━━━ MATERIALS PROVIDED

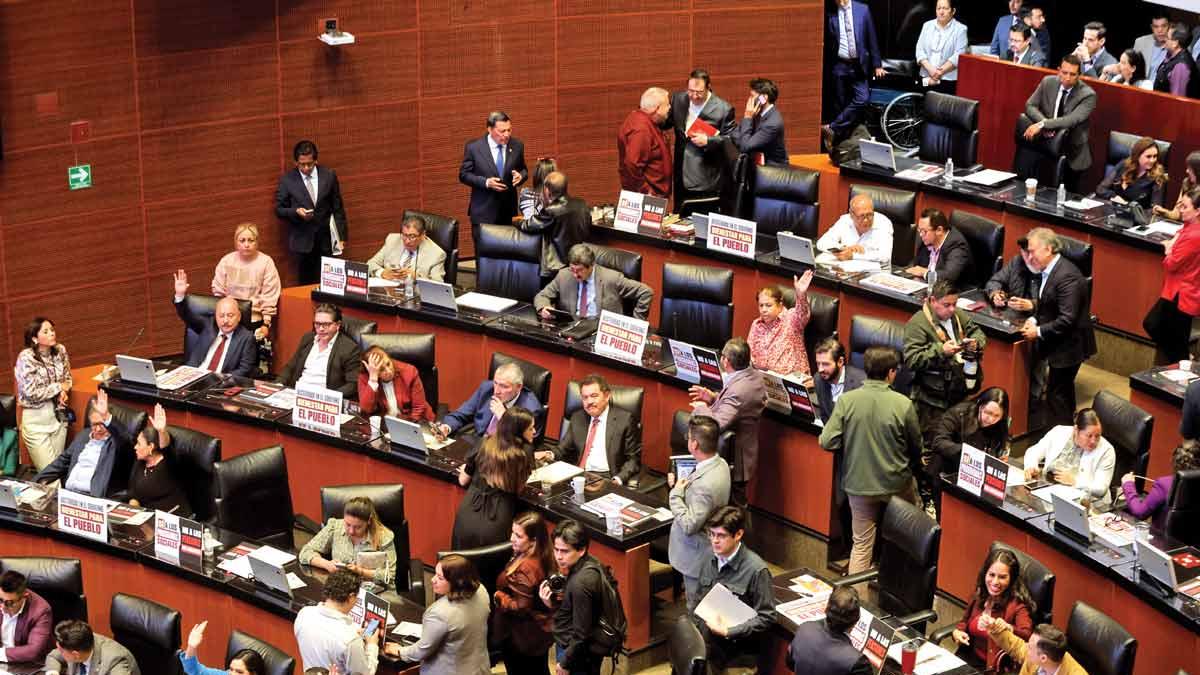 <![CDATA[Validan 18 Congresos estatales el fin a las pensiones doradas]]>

━━━━━━
━━━ MATERIALS PROVIDED

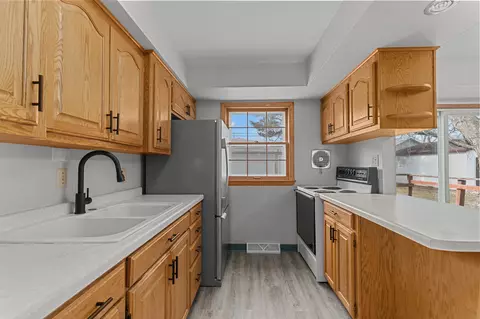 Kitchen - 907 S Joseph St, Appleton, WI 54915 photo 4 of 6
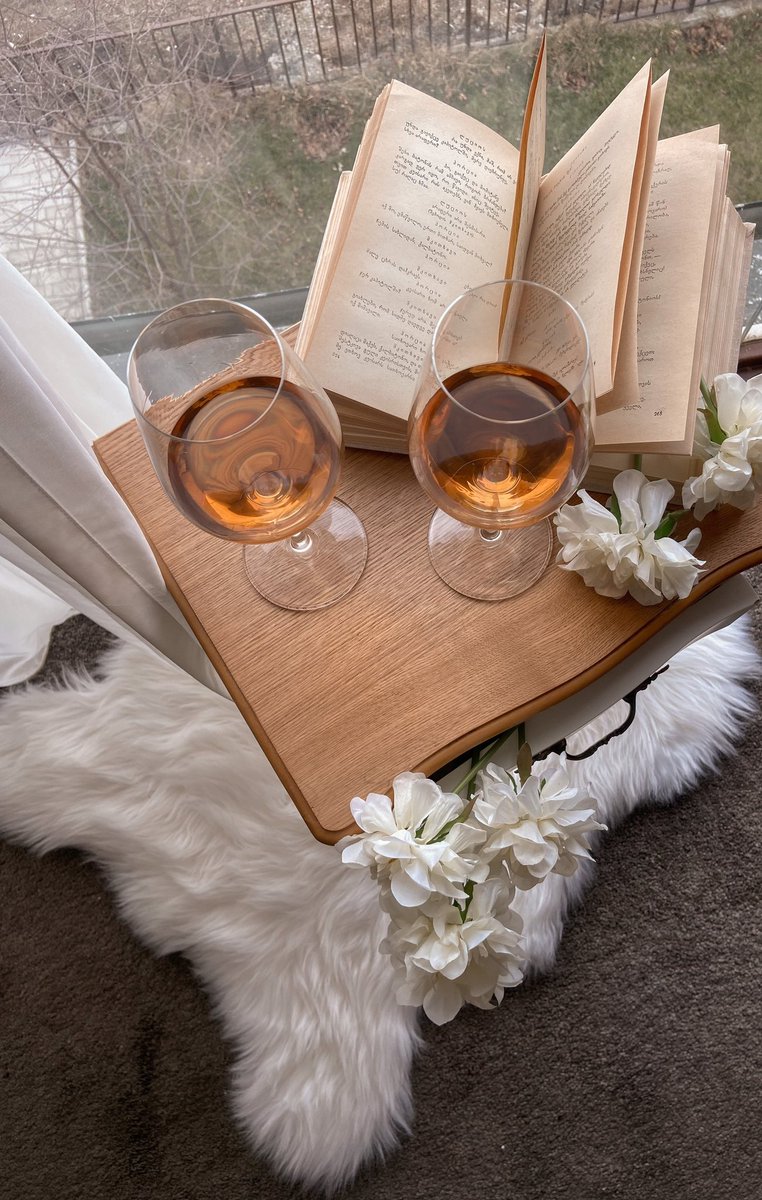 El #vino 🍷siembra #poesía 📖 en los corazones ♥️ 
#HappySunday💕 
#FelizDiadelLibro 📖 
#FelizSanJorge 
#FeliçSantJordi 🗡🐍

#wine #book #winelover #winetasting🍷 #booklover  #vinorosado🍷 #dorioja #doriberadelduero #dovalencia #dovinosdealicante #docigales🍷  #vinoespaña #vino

━━━━━━
━━━ MATERIALS PROVIDED

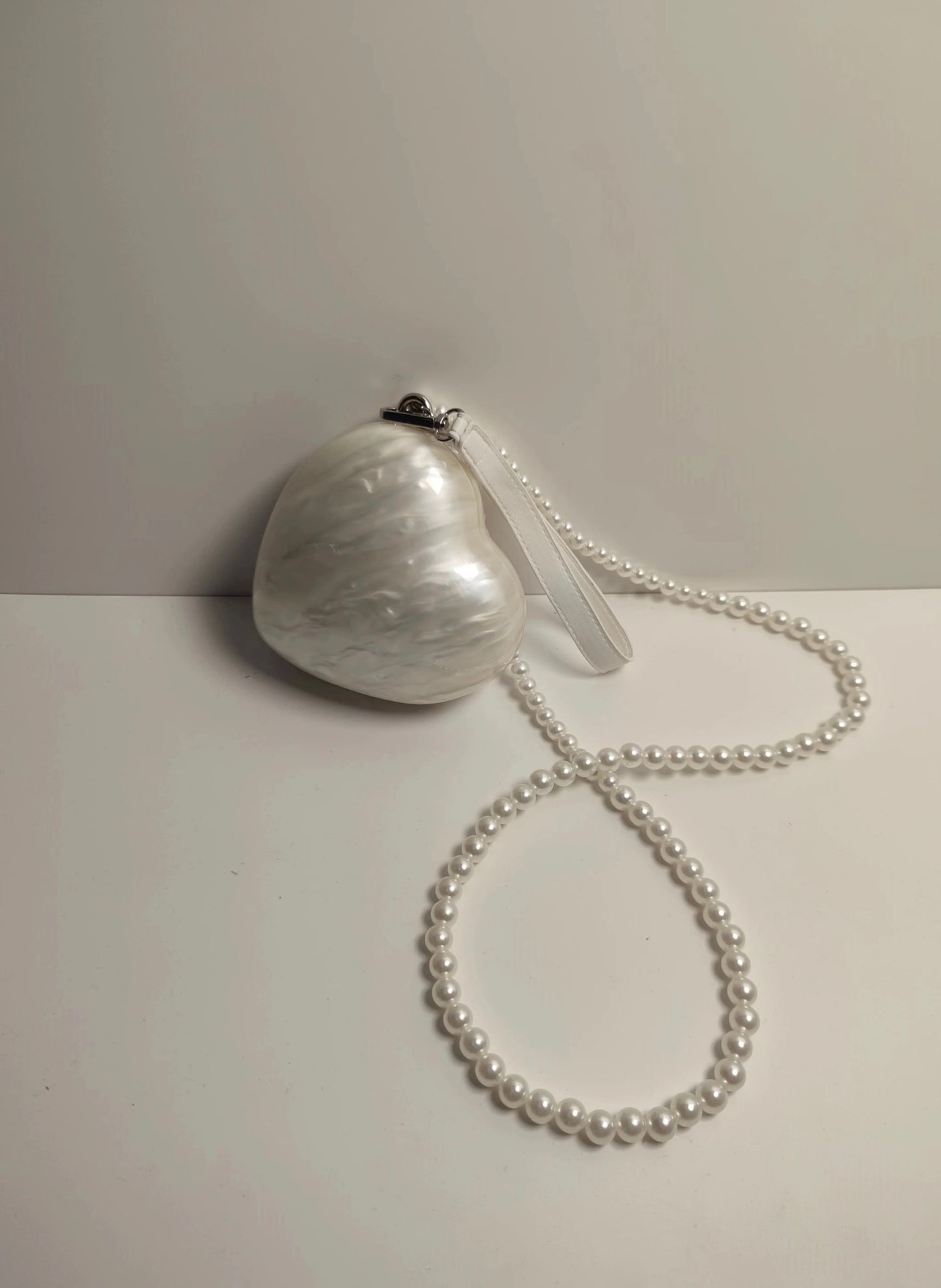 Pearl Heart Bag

━━━━━━

== ACTIVITY ==
An exact copy is needed of the entries above, starting at the line that holds "El #vino 🍷siembra" and stopping at the line that holds "#wine #book #winelover", both kept; pictures stay out.

== RESULT OF THE TASK ==
 El #vino 🍷siembra #poesía 📖 en los corazones ♥️ 
#HappySunday💕 
#FelizDiadelLibro 📖 
#FelizSanJorge 
#FeliçSantJordi 🗡🐍

#wine #book #winelover #winetasting🍷 #booklover  #vinorosado🍷 #dorioja #doriberadelduero #dovalencia #dovinosdealicante #docigales🍷  #vinoespaña #vino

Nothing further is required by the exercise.